三十、大地上世袭(3)
这里是天然的鸭科鸟类避难所。鱼多,(鼬科、猫科)哺乳动物便寻迹而来,捕鸟捕鱼。
河床约三百余米宽,裸露出了一半之多的河滩。河滩平阔,并无采挖,白白的细沙淤积。中华秋沙鸭、鸳鸯等越冬候鸟来了,鸟类摄影家也如期而至。他们来自北京、广东、上海、浙江等地。在出发之前,给程锡源报车次。程锡源就开车去火车站接他们。坑口距火车站约二十公里,出村的公路弯弯绕绕。出了村,是一片瓠瓜形的田畈,秋稻已收割,田畈素白素黄,泛起青青浅浅的草色。
水坝劈立,高三十余米,水坝之上是湖村。渡头村有一条古驿道通往湖村,因了水坝,已了无踪迹,被荒草掩埋。山体圆尖如斗笠,苦槠、甜槠、山毛榉、野山柿、野山茶、油茶树遍野。时不时传来“咯咯咯,咯咯咯”的鸣叫声。这是白鹇在叫。白鹇以种群分布、栖息,有自己的领地。偶然抬头举目而望树林,见白鹇翩翩而翔,滑过树梢,落在油茶树下。它尖尖的喙,啄裂油茶壳,啄食油茶子。油茶子油脂丰富,它百吃不厌。事实上,山中无路,翅膀就是路。春季,草疯长,人迹近无,草吞没了路。偷捕鱼的人只需一条竹筏,在星江行走。他们带着丝网、戴着头灯,往水潭或深深的河面撒网。程锡源吃了晚饭,便打着强手电,去驱赶偷捕人。程锡源说,没有鱼,便没有稀世之鸟;没有稀世之鸟,坑口便失去了魂。
石拱桥与村舍之间,有一片二十余亩的荒地,已三十余年无人耕种,长起了桂竹、芒草、野枇杷。临近腊月,上千只短尾鸦雀便迁徙来到这片荒地。在江西,短尾鸦雀是不常见鸟,日常难觅匆匆行踪。棕黄的头,锡白的喙,褐灰的羽,刷把一样的尾,看起来很是娇俏。数十只,一蓬蓬集群,在密竹丛,嘘哩哩,呿哩哩,羞赧而肆意,叫得山野更空,远山更苍莽。我穿过芒草的时候,短尾鸦雀呼噜噜低飞而走,嘘哩哩惊叫着。在它的眼中,我无疑是个不速之客,身份可疑。

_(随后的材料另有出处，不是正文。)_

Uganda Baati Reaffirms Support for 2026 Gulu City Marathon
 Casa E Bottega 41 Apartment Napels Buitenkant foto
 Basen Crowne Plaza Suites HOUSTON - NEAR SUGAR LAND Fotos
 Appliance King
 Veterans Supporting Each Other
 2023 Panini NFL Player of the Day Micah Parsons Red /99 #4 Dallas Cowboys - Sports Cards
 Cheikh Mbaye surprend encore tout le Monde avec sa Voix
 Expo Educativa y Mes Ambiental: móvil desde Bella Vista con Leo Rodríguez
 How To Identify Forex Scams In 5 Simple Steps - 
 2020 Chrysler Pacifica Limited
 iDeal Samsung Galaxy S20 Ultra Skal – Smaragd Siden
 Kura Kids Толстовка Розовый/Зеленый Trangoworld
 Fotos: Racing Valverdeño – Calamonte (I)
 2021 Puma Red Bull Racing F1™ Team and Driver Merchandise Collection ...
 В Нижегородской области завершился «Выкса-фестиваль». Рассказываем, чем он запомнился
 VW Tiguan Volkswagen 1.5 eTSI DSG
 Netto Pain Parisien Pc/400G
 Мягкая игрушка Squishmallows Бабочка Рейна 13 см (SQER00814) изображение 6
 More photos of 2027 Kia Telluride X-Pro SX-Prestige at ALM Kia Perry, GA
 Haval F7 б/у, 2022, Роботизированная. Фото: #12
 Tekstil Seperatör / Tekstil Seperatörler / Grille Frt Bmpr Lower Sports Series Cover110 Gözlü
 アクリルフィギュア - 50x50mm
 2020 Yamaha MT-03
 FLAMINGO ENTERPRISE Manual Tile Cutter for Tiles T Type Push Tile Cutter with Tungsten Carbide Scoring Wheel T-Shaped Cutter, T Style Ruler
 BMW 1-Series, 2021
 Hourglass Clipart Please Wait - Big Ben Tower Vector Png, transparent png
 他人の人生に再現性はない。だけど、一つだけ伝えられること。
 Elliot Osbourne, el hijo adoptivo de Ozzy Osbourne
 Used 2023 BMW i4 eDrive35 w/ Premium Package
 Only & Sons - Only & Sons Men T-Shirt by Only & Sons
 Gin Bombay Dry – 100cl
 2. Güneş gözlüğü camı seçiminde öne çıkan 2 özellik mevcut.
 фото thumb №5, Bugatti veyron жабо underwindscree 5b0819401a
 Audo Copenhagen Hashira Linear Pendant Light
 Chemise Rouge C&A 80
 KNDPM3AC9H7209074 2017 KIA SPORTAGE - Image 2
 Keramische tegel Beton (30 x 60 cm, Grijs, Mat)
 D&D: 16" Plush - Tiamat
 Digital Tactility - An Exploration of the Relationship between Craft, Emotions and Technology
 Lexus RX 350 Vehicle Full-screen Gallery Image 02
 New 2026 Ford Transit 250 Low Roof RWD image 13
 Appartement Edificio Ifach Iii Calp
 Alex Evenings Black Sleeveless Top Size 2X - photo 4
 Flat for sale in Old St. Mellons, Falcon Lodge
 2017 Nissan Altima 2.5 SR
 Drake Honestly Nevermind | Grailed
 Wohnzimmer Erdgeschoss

对岸是延绵群山,山并不高,海拔约600余米,阔叶林披垂直下。柞裂槭、五角枫、乌桕燃起了山野。山梁窄、山谷宽,斗状的山垄直通山巅。山脚下,樟树、枫香树、苦槠树突兀而出,横排得十分拥挤,阔然而开。稀林之处,可见青灰色嶙峋的斑岩。落单的(没有南迁)白鹭与白鹡鸰,在河中砾石上伫立或快速移动。在冬季,它们与水鸟伴生,啄食小鱼小虾和死虫。